Schools around the United States are closing as well and remote work is a hot topic as companies are trying to meet business obligations during a worldwide epidemic. Some tasks – especially client work in marketing or marketing tasks – can usually be done easily while remote. We just need our computers, a phone and internet.
Keep in mind that not all people have the opportunity to work at home. In this quick Twitter poll, almost 20 percent said they are still going to the office.
Related: Tips to make remote work a success
Some business can’t be done remote and often it’s second nature for people to walk up and extend their hand for those offline meetings and encounters. I drive Uber at times and picked up some bar hoppers this weekend.

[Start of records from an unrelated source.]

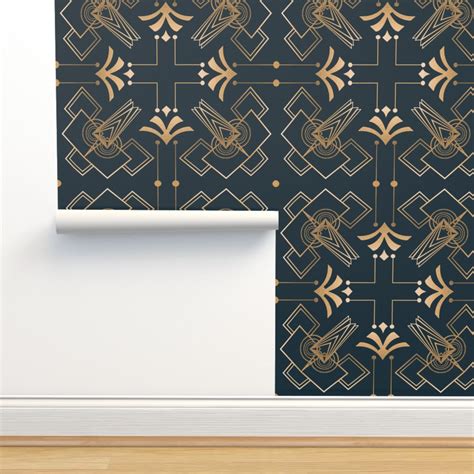 Elegant Art Deco Retro Design Gold And Wallpaper Spoonflower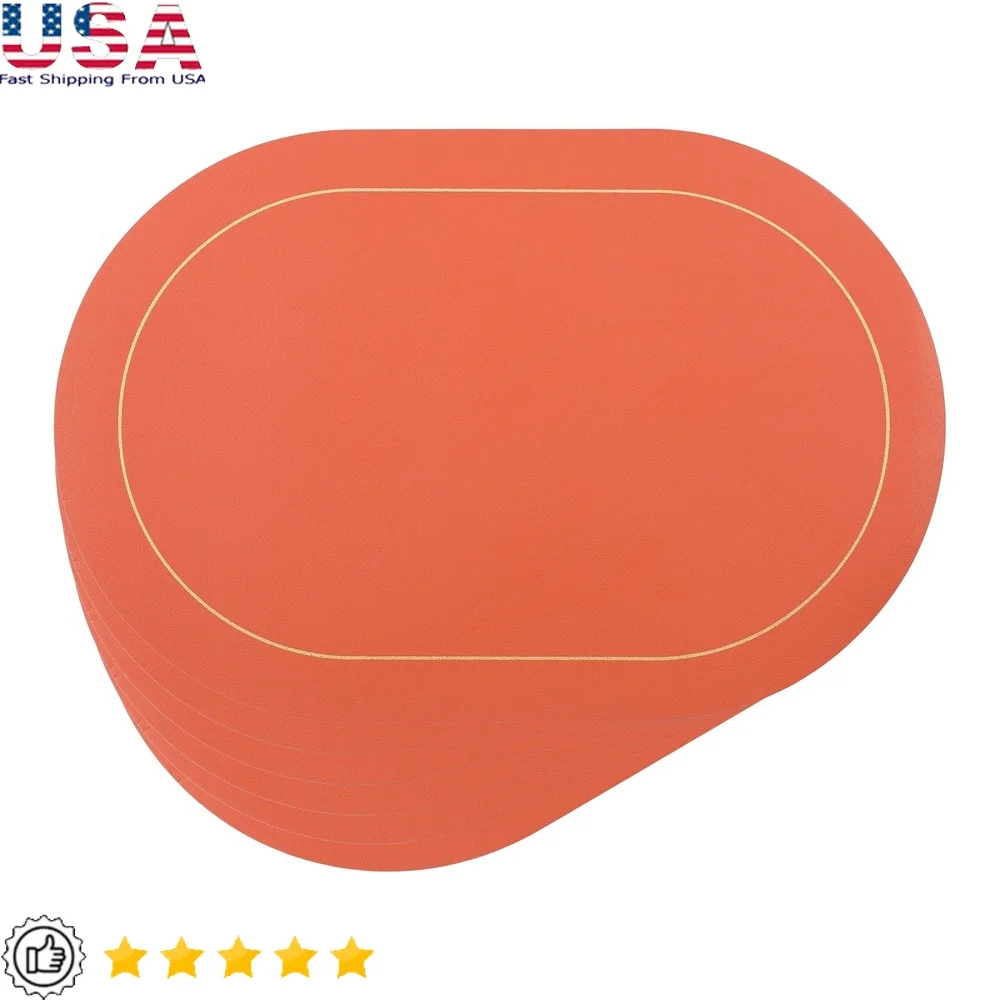 Juego de 6 manteles individuales de piel sintética, protectores de mesa antideslizantes impermeables, decoración de mesa de comedor fácil de limpiar, Ideal para fiestas en casa, bodas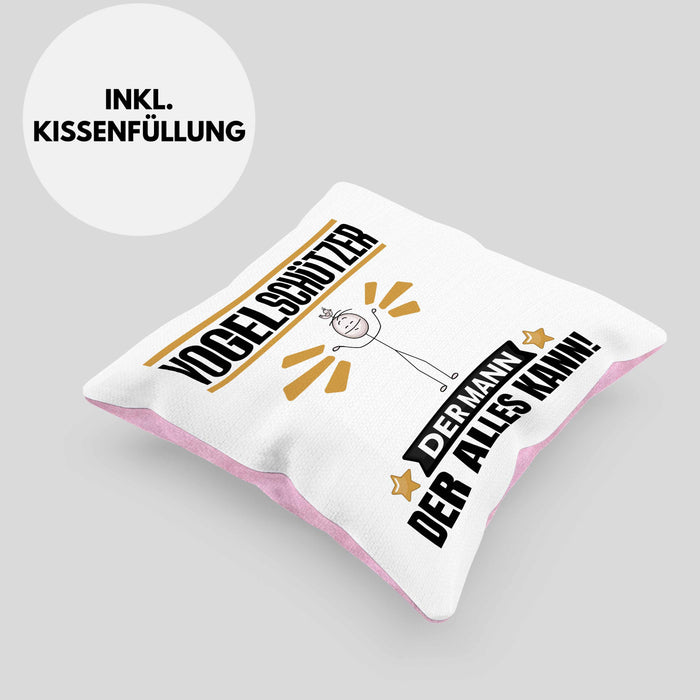 Vogelschützer Kissen mit Füllung 40x40 Geschenk für Vogelschützer Der Mann Der Alles Kann Geschenkidee zum Geburtstag (Grau) Rosa Trendation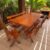 Conjunto Mesa de Madeira Maciça Rústica para Churrasco e 4 Bancos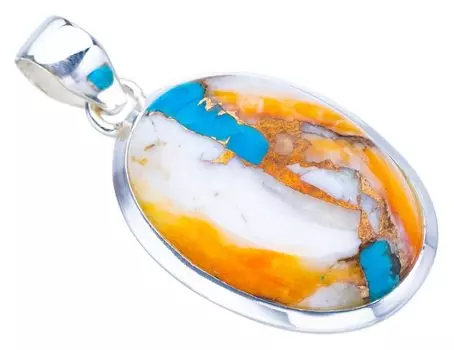 STARGEMS Подвеска из натурального медного халцедона ручной работы из стерлингового серебра 925 пробы 1,5 дюйма F3716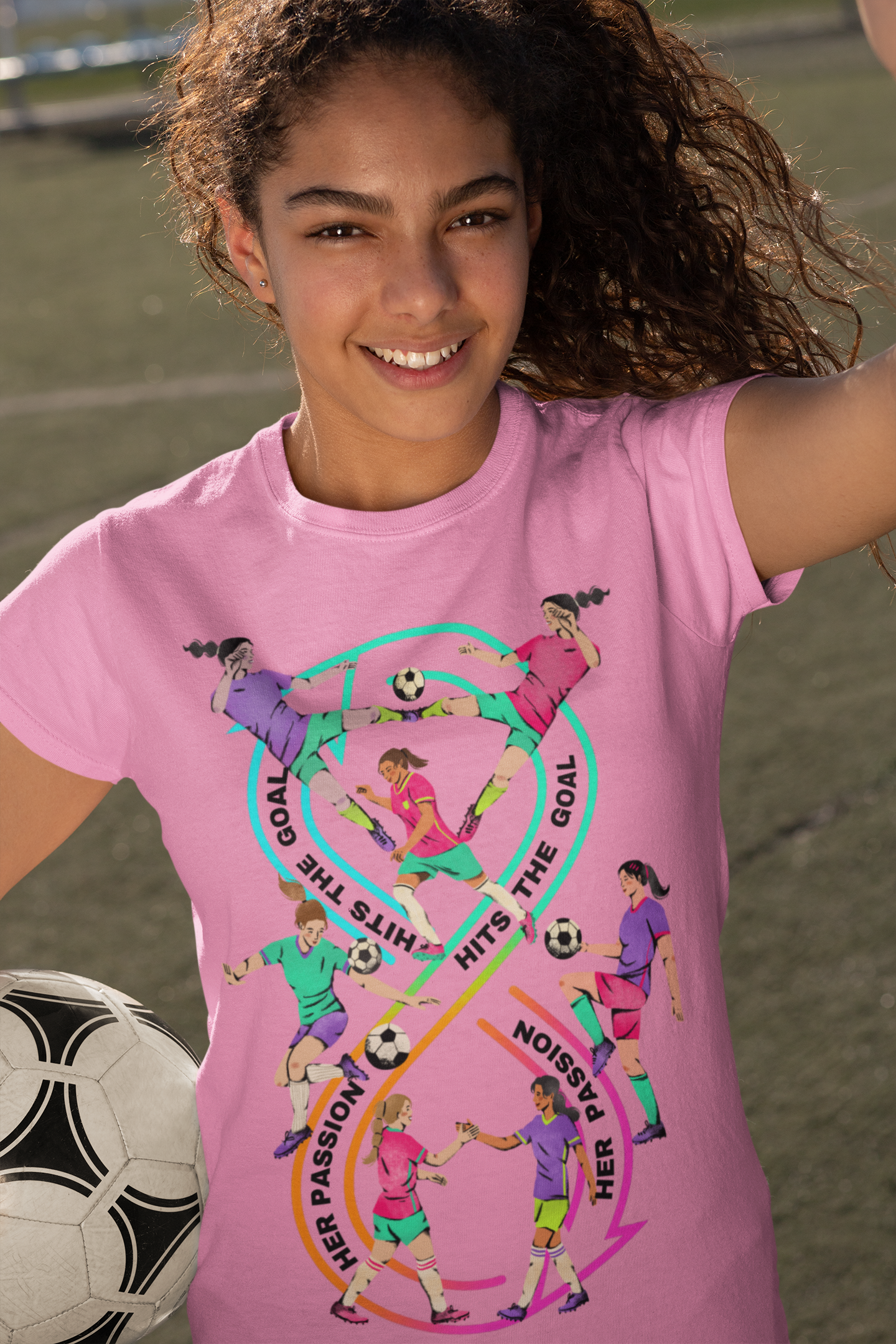 Kids Football T-shirt - Her Passion Hits the Goal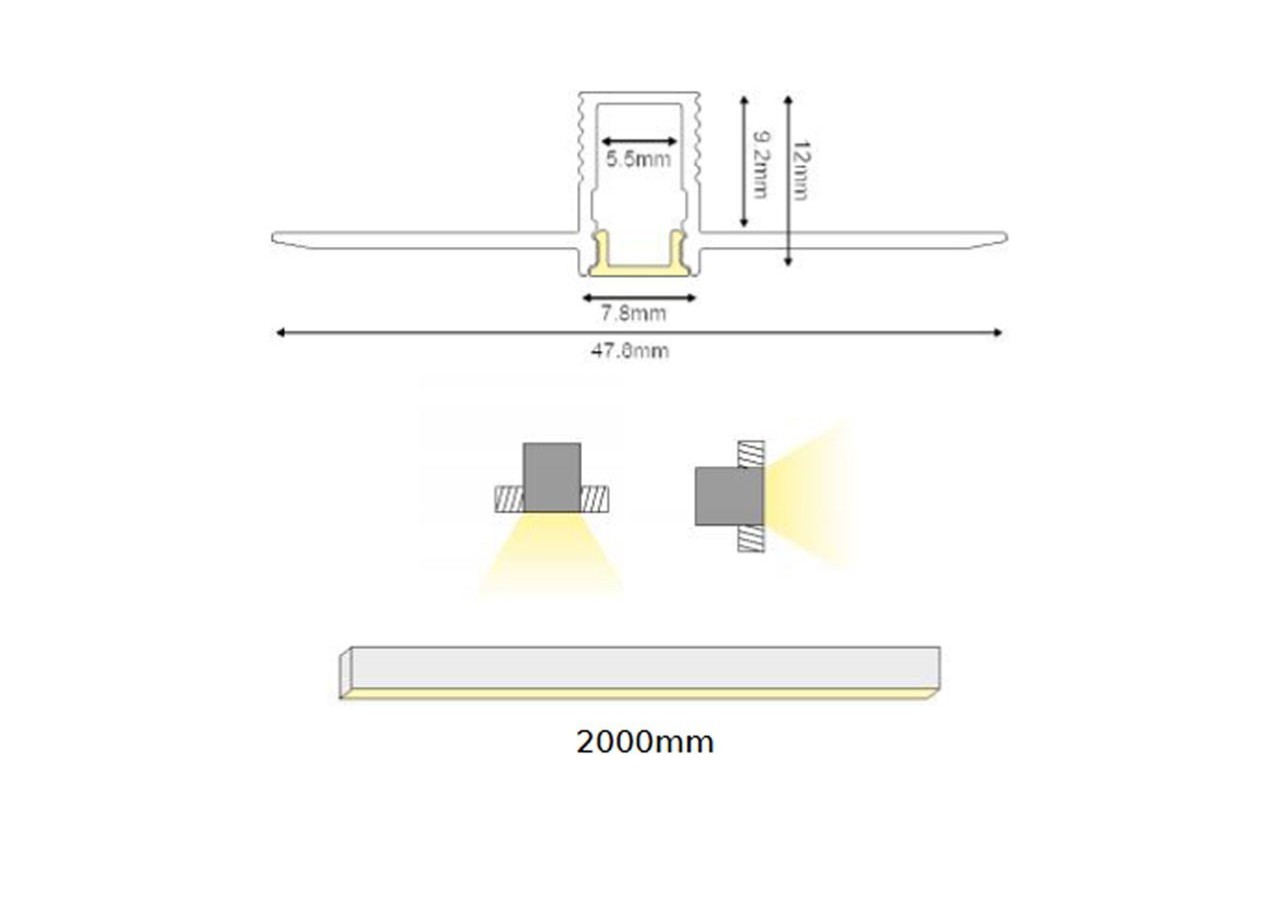 Profilé intégration placoplâtre 7.8x12 (2m) - BPERFALP129 - Barcelona LED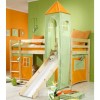 Thuka Minnie Solid Pine Natural Midsleeper Bed with Orange Tent Green Tower and Slide - without mattress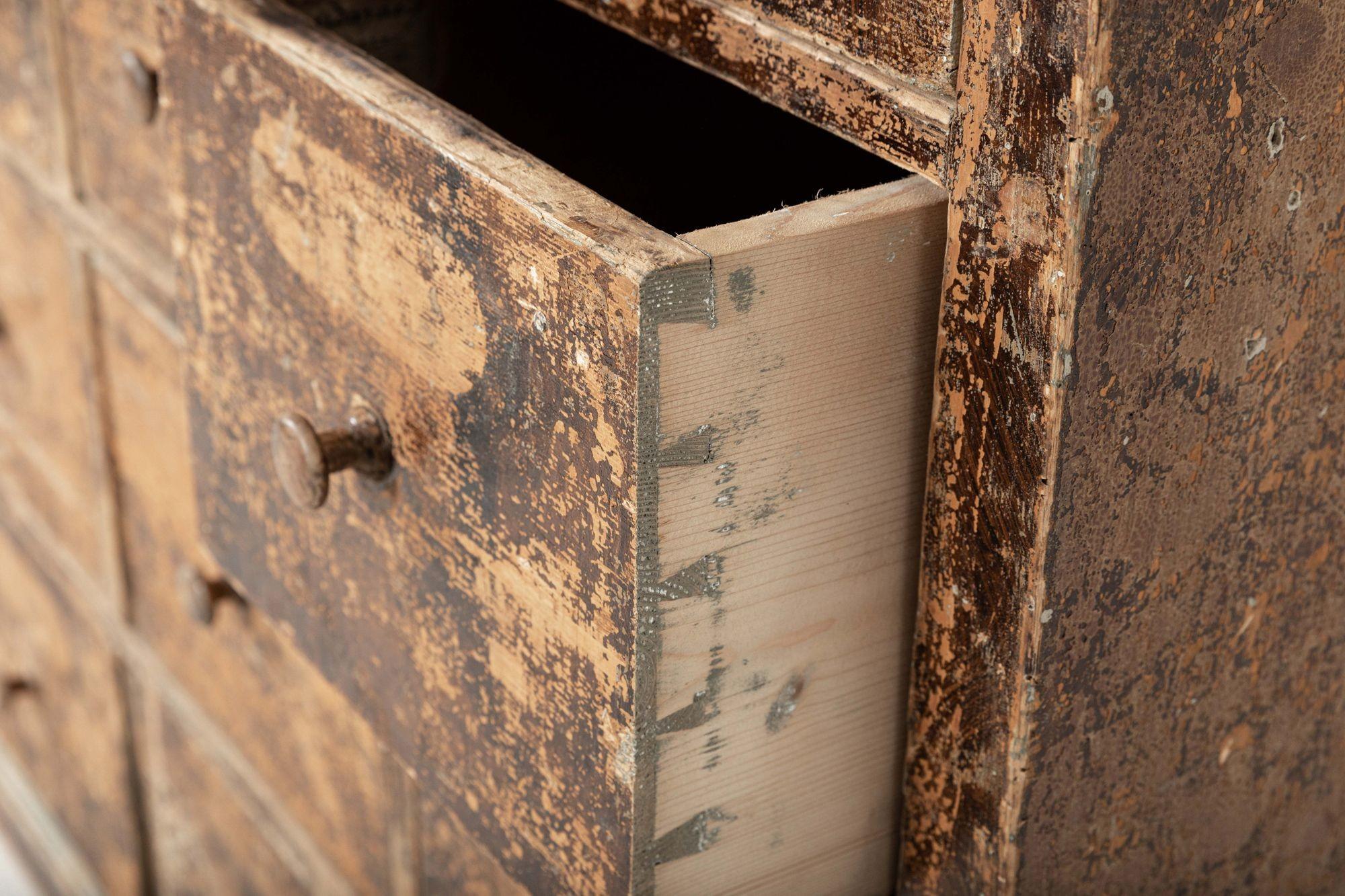 19thC English Pine Workshop Drawers For Sale 7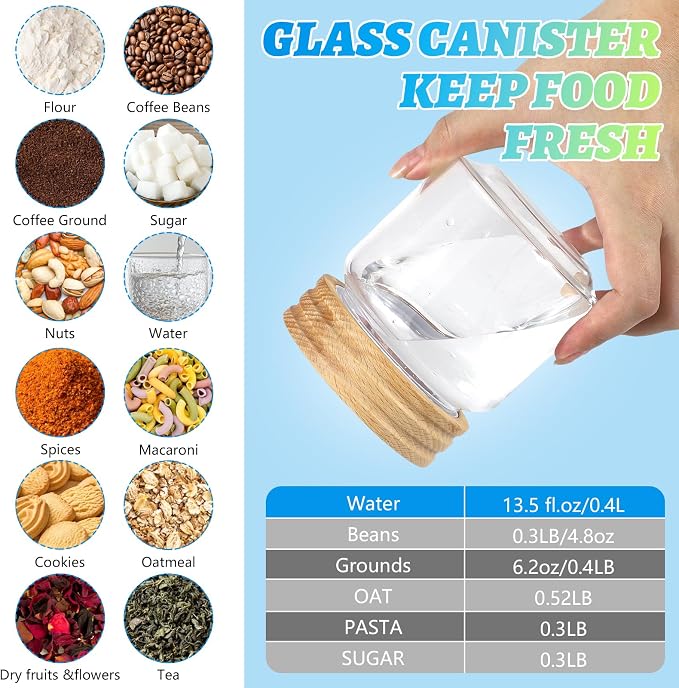 Small Glass Jars with Airtight Lid 13oz Seasoning Containers Glass Spice Jar - Image 3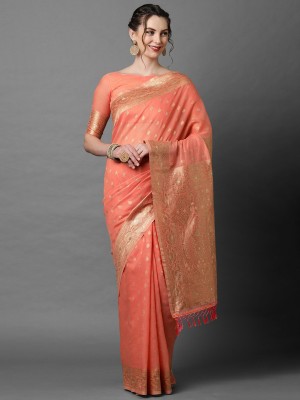 Ratnavati Self Design, Paisley, Woven Banarasi Silk Blend Saree(Pink)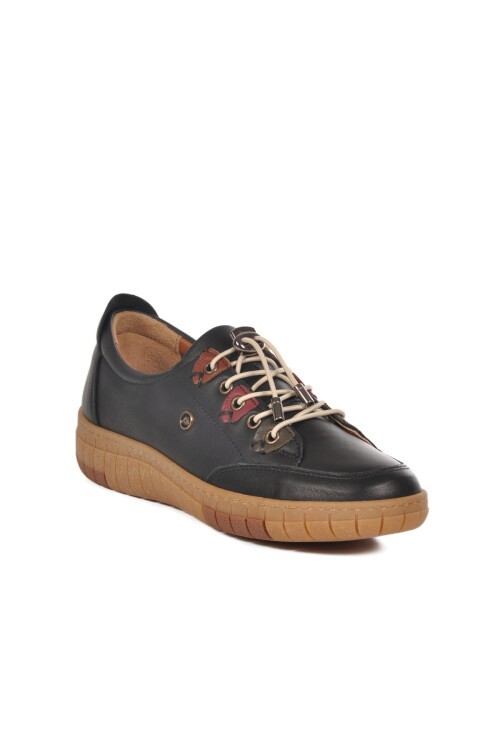 Siyah Hakiki Deri Ortopedik Taban Kadın Günlük Ayakkabı 401 Z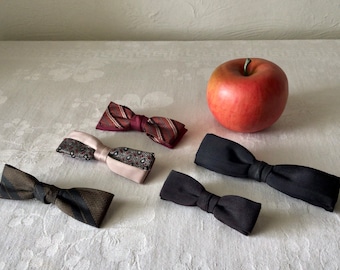 Vintage small bow ties rockabilly style clip on, formal dress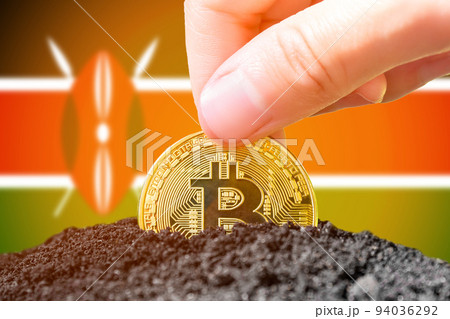 Legalization of bitcoins in Kenya. Planting a Bitcoin in the ground on the background of the flag of Kenya. Kenya - investment in cryptocurrency. Legalization of bitcoins in Kenya. Planting a Bitcoin in the ground on the background of the flag of Kenya. Kenya - investment in cryptocurrency. 94036292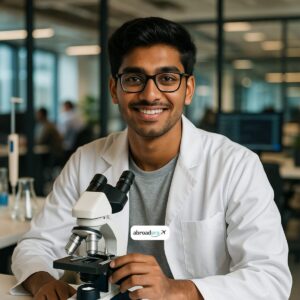 Student wearing a lab coat working in a research lab or interning in a tech office. Blend of academic and real-world professional background. Collaborative and aspirational vibe.
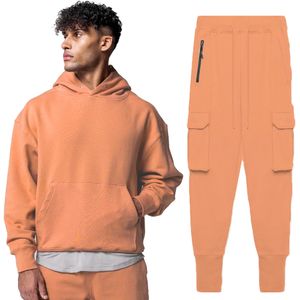 Ll masculino yoga com capuz + moletom outfit esportes conjunto de duas peças camisola de cor sólida calças esportivas com bolsos outwear 320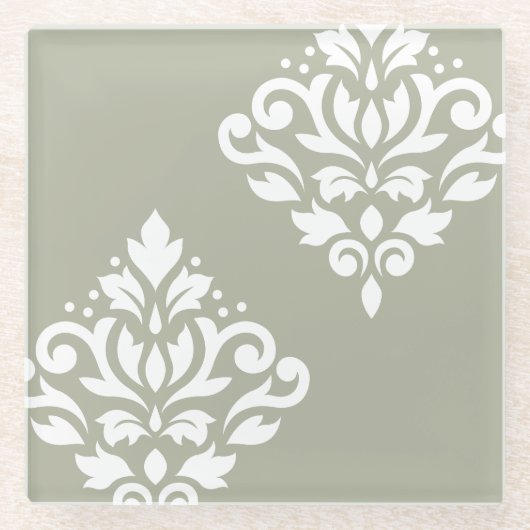 Scroll Damask Art I White on Green Glasuntersetzer (Vorderseite)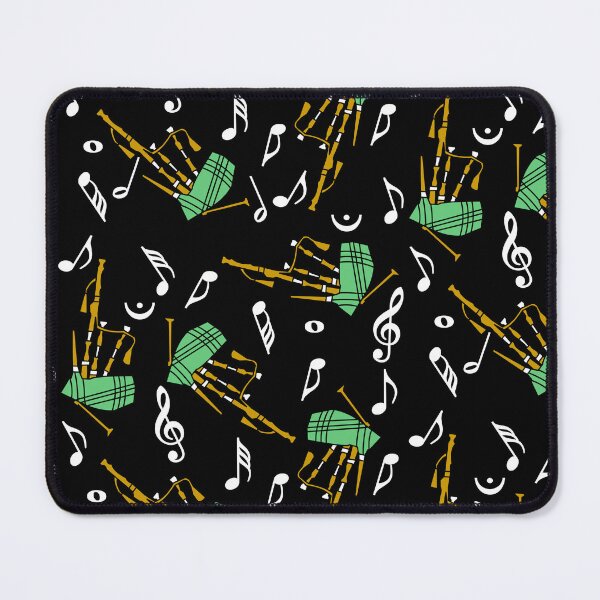 Item preview, Patrón de nota musical de gaitas negro designed and sold by BartholGraphics.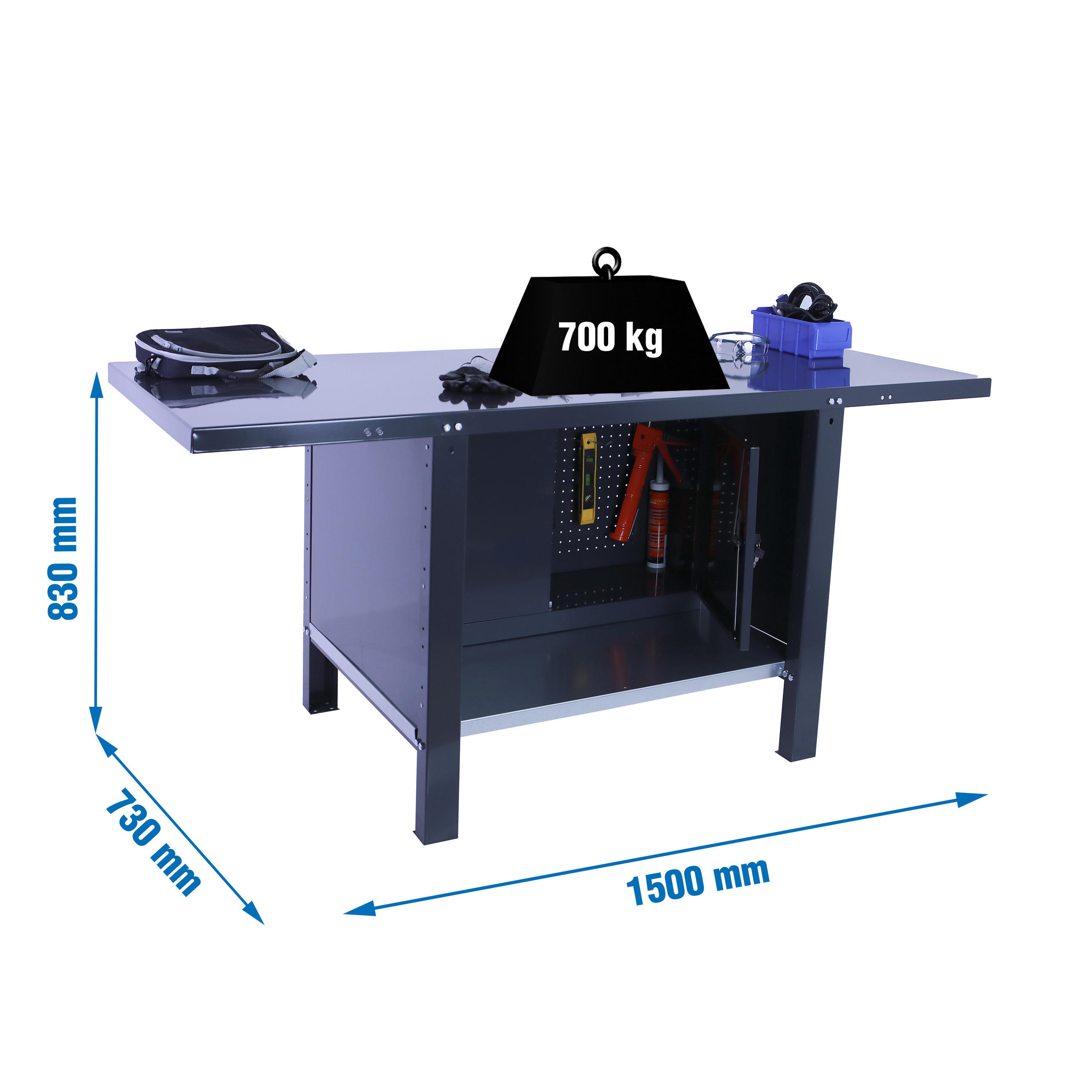 WERKBANK Buffalo Metal mit Schrank HxBxT 83 x 150 x 73 cm Traglast 700 kg Anthrazit - Anthrazit, Metall (150/83/73cm) - PROREGAL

Some literally got in my car and tried to shake my hand. Aside from that there’s no need to shake hands in this situation even outside of the current situation, you have to find a way to block that handshake.
Other business meetings recently were similar. People wanted to shake hands and enthusiastically extended their hand as has been the custom forever. In this Twitter poll, almost 20 percent reported that people continue to try to shake hands.
When this has happened so far I kind of smiled and said “oh, we don’t shake hands anymore.” The hand went down and the smile was often turned upside down.
I asked around to get some tips from people on how to avoid handshakes and block the incoming hands.
“We laugh and joke and say namaste or foot bump,” said Shara Kronmal. “It works.”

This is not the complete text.